• _YOUR GOAL_
With pictures left out, output word for word the lines from the one containing "ShengWell Auto 9W" through the end of the material below.

• _RECORDED INFORMATION_

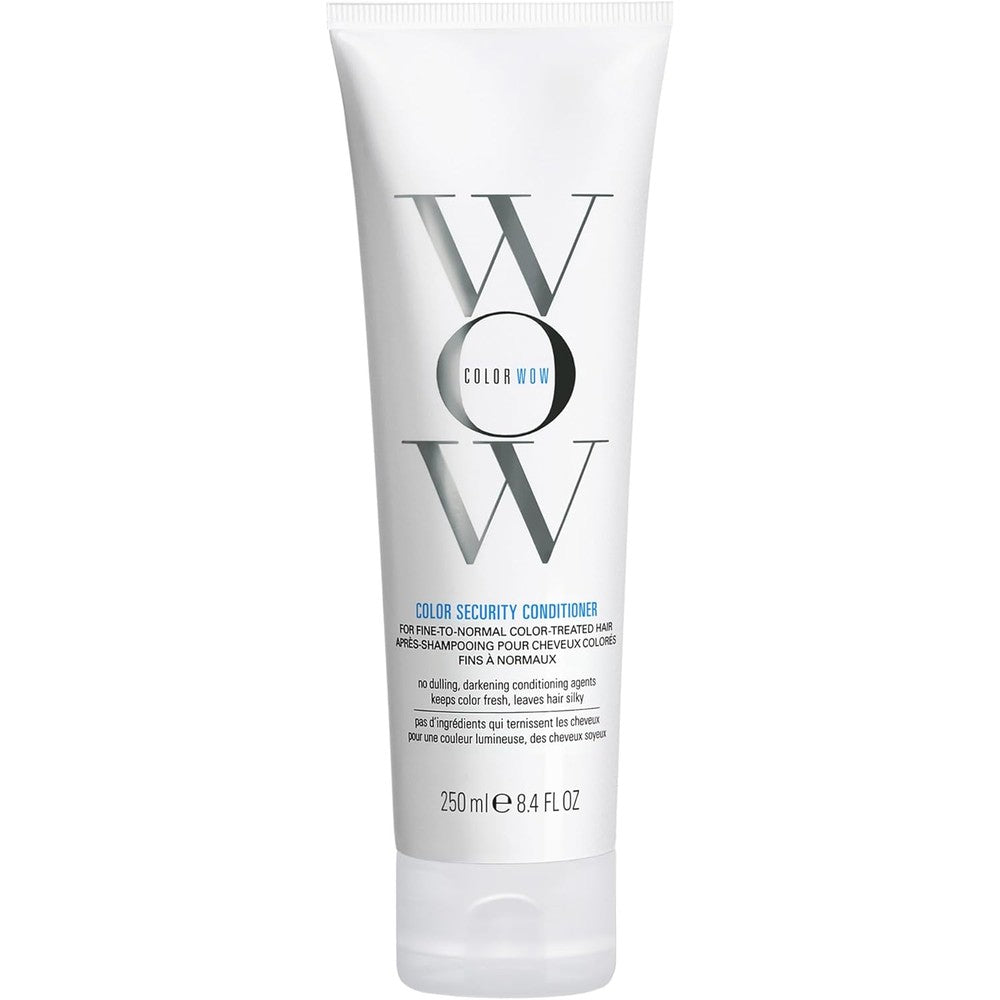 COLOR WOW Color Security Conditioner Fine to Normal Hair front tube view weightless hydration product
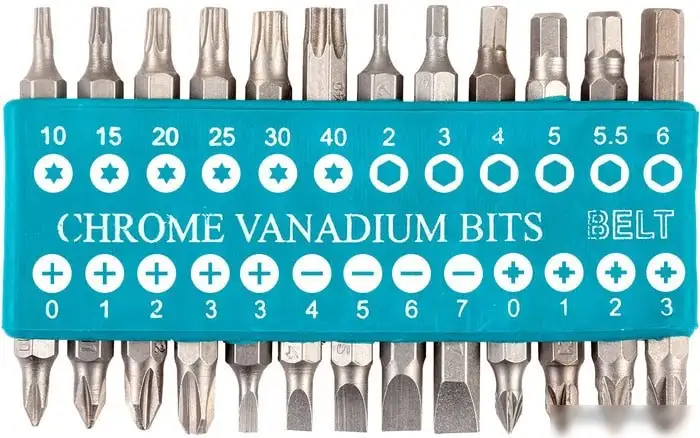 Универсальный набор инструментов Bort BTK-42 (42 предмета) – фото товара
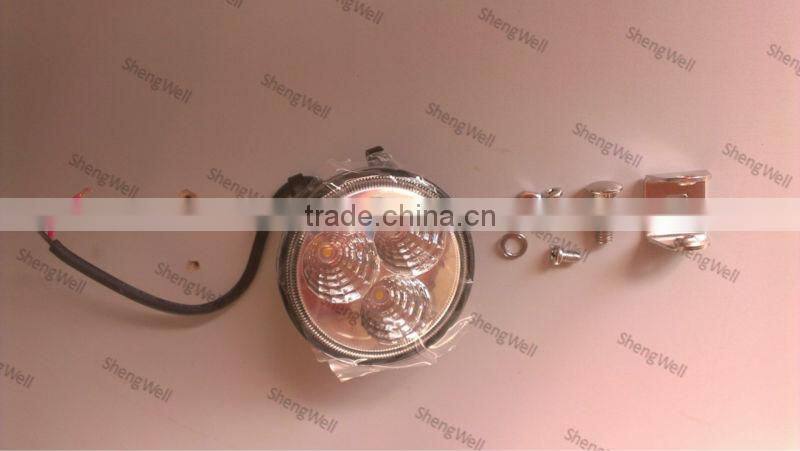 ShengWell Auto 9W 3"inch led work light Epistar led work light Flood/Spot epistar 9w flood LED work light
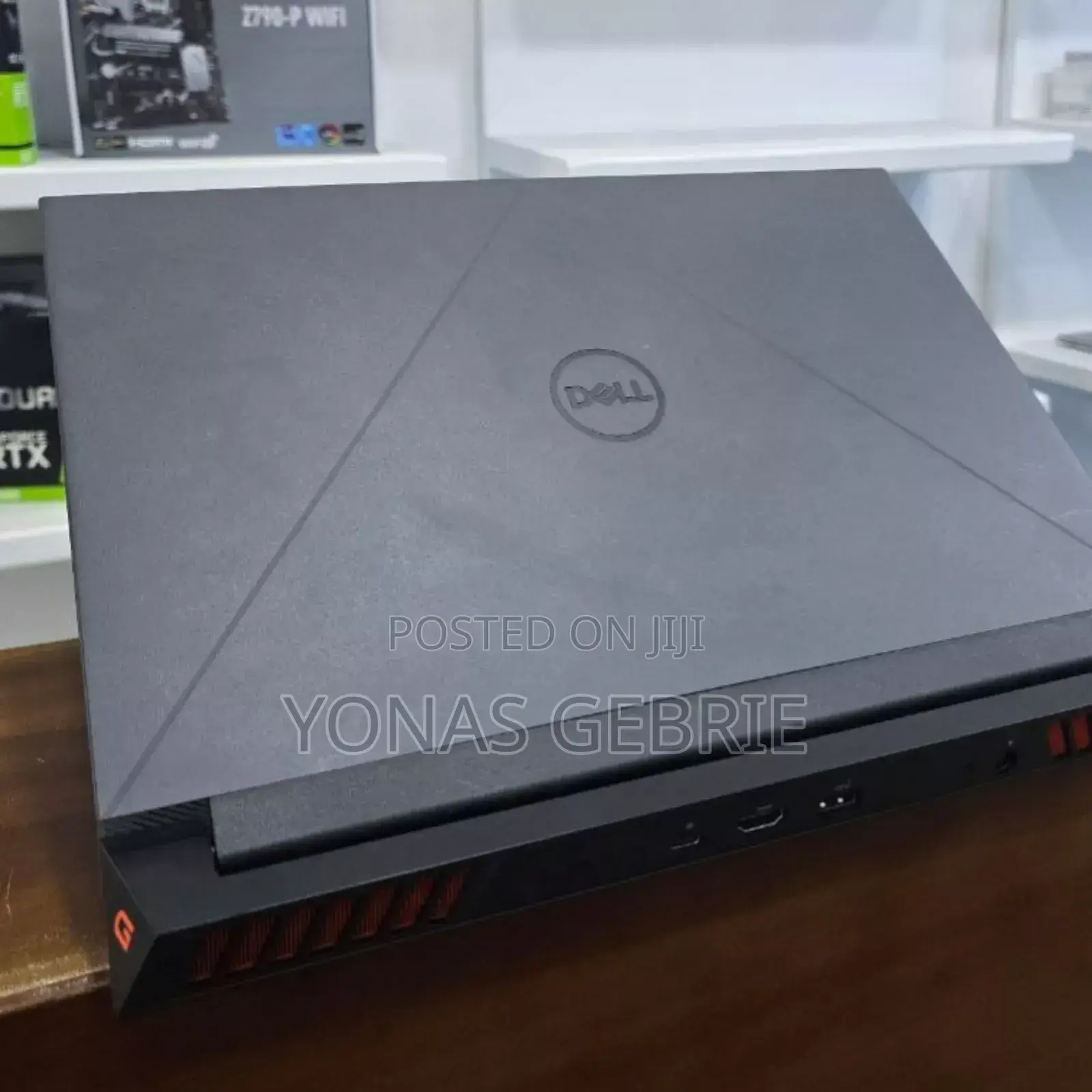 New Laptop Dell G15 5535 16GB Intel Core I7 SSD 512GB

• _SOLUTION BELOW_
 ShengWell Auto 9W 3"inch led work light Epistar led work light Flood/Spot epistar 9w flood LED work light
 New Laptop Dell G15 5535 16GB Intel Core I7 SSD 512GB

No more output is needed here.